I was excited when Lotus first told me the themes she had in mind for our summer group show, which was scheduled to open June 26th. Last year Lotus’ sister Hanna had similarly organized a group exhibition at the gallery and it was such a generative way of extending the gallery’s community that I was looking forward to seeing it repeated. But as things began to close at home, and with the knowledge that a number of the artists Laurie was hoping to include were either in New York or oversees, it wasn’t long into lockdown before we realized we would need to postpone.

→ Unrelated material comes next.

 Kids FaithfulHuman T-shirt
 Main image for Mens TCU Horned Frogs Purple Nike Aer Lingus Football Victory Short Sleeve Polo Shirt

It was difficult to know when to invite audiences back to the gallery and what sort of exhibition might best suit the occasion. Beyond only waiting for the okay from health authorities, our programming was now wholly uncertain and so whatever we chose would necessarily veer toward the unplanned, the contingent, the as yet unformed. In May it began to feel that reopening this summer was a possibility and Lotus suggested installing a single work that she had recently completed while in residence at the Banff Centre earlier this year. Something about this felt like it was striking the right tone; that a single work offered an invitation to return without demanding attendance in the way that a planned and laboured exhibition might.
The work is comprised of 35 unique photograms, made using bags that once carried firewood and onions, which Laurie actively collects. These bags are tools meant for the holding of other tools. These are devices that may also devise. They are sacs, they are skins, they are full of holes, porous and permeable. The contents they carry are staples that may generate growth or aid destruction, holding potential to both form and ruin.
What do you carry? What do you care for? What do you hope to build and burn?
Lotus L. Kang is an artist living in Toronto. Her work has been exhibited at SculptureCenter, Interstate Projects, CUE Art Foundation, New York; Oakville Galleries, Oakville; The Power Plant Contemporary Ar Gallery, Franz Kaka, Cooper Cole, 8-11, Gallery TPW, The Loon, and Carl Louie, Toronto; Remai Modern Saskatoon; Galerie Antoine Ertaskiran and L’inconnue, Montreal; Raster Gallery, Warsaw; Wrocla Contemporary Museum, Poland; and Camera Austria, Graz. She has been artist-in-residence at Rupert Vilnius; Tag Team, Bergen; The Banff Centre for Arts & Creativity, Alberta; and Interstate Projects Brooklyn. She holds an MFA from the Milton Avery School of the Arts at Bard College and is represented by Franz Kaka in Toronto.